More inverse trig functions, and a few others

Having looked at the inverse of the tangent function, we’re now going to look at the other inverse trig functions. Let’s begin with the case of the sine function. As we know, that’s what its graph looks like. Now we need to restrict the domain so that on that restricted domain the sine function is injective and also attains all its relevant values. The obvious choice here, and it’s the choice that is always made, is the interval minus pi over 2 to pi over 2. We see that on that interval, the function is strictly increasing. And it takes all the values between minus 1 and plus 1. So we consider that function with that domain and that interval. It’s then a bijective function.

Therefore, we can define an inverse function. And the name we give to that inverse function is arcsine, also sometimes denoted inverse sine. So it’s a function that maps the other way. It maps the interval minus 1, 1 back to the interval minus pi over 2, pi over 2. To summarize then, we’ve looked at the sine function between minus pi over 2 and pi over 2, restricted domain. And we’ve constructed the inverse function in the following way. We’ve said that for each t in minus 1, 1, there is a unique x in that interval for which t is equal sine x. There’s the t, and there’s the x.

And we’re defining arcsine of t to equal that value of x, also called inverse sine function and denoted this way. What does the graph of arcsine look like? Rather easy to find. You apply the usual– one of the two usual methods we have geometrically to find the graph. You get this. As you can see, arcsine is defined on the interval minus 1, plus 1, and not otherwise. What about the inverse of cosine. Well, it’s going to be very similar. One difference though is that you can’t take the interval minus pi over 2 to pi over 2, because on that interval, the cosine is not injective, as you can see. So you shift the interval.

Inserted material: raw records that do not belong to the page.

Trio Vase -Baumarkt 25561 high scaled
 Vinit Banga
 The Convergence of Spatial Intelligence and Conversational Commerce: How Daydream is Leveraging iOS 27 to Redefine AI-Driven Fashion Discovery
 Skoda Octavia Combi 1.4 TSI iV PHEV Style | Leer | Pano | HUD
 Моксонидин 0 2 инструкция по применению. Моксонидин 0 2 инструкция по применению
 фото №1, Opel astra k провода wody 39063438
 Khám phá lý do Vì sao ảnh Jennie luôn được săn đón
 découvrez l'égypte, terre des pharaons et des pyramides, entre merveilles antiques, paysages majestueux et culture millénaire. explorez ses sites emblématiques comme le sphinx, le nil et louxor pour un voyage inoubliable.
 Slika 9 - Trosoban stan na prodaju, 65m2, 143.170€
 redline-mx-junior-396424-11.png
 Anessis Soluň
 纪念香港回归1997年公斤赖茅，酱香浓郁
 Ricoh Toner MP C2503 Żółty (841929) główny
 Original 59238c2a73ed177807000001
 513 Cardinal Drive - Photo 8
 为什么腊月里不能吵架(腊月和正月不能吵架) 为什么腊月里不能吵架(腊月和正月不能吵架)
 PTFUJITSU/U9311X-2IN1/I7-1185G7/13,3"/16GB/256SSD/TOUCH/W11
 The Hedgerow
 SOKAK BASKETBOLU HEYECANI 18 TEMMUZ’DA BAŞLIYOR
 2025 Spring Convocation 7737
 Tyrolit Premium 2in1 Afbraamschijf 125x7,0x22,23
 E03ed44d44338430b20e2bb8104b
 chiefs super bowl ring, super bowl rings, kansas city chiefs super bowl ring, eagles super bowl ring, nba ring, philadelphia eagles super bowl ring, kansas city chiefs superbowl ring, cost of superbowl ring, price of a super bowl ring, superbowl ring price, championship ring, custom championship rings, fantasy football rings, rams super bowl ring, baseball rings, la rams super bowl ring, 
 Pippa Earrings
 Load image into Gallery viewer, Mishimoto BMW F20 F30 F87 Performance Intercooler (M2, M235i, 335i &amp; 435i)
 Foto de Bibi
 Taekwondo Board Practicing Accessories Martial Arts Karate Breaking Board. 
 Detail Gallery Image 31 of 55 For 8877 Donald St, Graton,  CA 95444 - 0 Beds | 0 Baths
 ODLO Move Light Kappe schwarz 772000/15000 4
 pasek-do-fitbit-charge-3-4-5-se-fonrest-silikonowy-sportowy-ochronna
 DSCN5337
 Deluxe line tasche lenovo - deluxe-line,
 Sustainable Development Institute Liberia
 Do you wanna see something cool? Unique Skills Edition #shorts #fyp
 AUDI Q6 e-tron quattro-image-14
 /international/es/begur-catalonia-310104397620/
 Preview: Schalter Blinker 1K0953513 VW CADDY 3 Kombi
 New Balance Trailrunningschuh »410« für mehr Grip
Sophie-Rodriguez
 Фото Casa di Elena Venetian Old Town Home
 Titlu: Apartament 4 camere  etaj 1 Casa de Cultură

You take the interval 0, pi, instead for inverting cosine. On 0, pi, you see that cosine is strictly decreasing, and hence injective. So you obtain an inverse function. It’s labelled arccosine. And it maps minus 1, 1 to the interval 0, pi. Easy enough to find what the graph looks like. It turns out to be like this. Notice that arccosine, also called inverse cosine, is defined just on the interval minus 1 to plus 1. There are a few forgotten functions that we’re not going to discuss in any detail. As you know, our discussion of trigonometry, which is now drawing to a close, has defined three functions, sine, cosine, and tangent, as well as their inverses.

But depending on what continent you live on, you may also run into other trigonometric functions that are current in trigonometry, for example, cotangent. Cotangent x means the cosine over the sine, equivalently 1 over the tangent. The secant of x is 1 over the cosine. And the cosecant is 1 over the sine. And these functions also have inverses that can be defined in similar ways to what we’ve done. And if you’re dealing with all of these functions, then there are of course, even more identities that you might have to know. For example, it’s easy to prove that tangent squared plus 1 is equal to secant squared.

However, it is possible to do everything you want in trigonometry without dealing with these extra functions, as some countries do. Another class of functions we have not discussed is related to the exponential function, e to the x. These are the so-called hyperbolic functions. They were defined and introduced in the 19th century. They’re used a lot by engineers, for example, because certain differential equations involve these as solutions. What are these functions? Well, here they are. They’re read usually as hyperbolic sine, hyperbolic cosine, and hyperbolic tangent. And as you see, they’re completely defined in terms of the exponential function. And they also admit inverses, which have some uses. And they have a whole bunch of identities of their own.

Actually, they’re rather amusing in the sense that the identities for these hyperbolic functions look a lot like trigonometric identities with occasionally a sign being different. There’s a circular identity, for example, that says that hyperbolic cosine squared minus hyperbolic sine squared is equal to 1. Now, there are so many functions and so little time that we’re not going to do them all. But I can assure you that we have done the ones that count the most.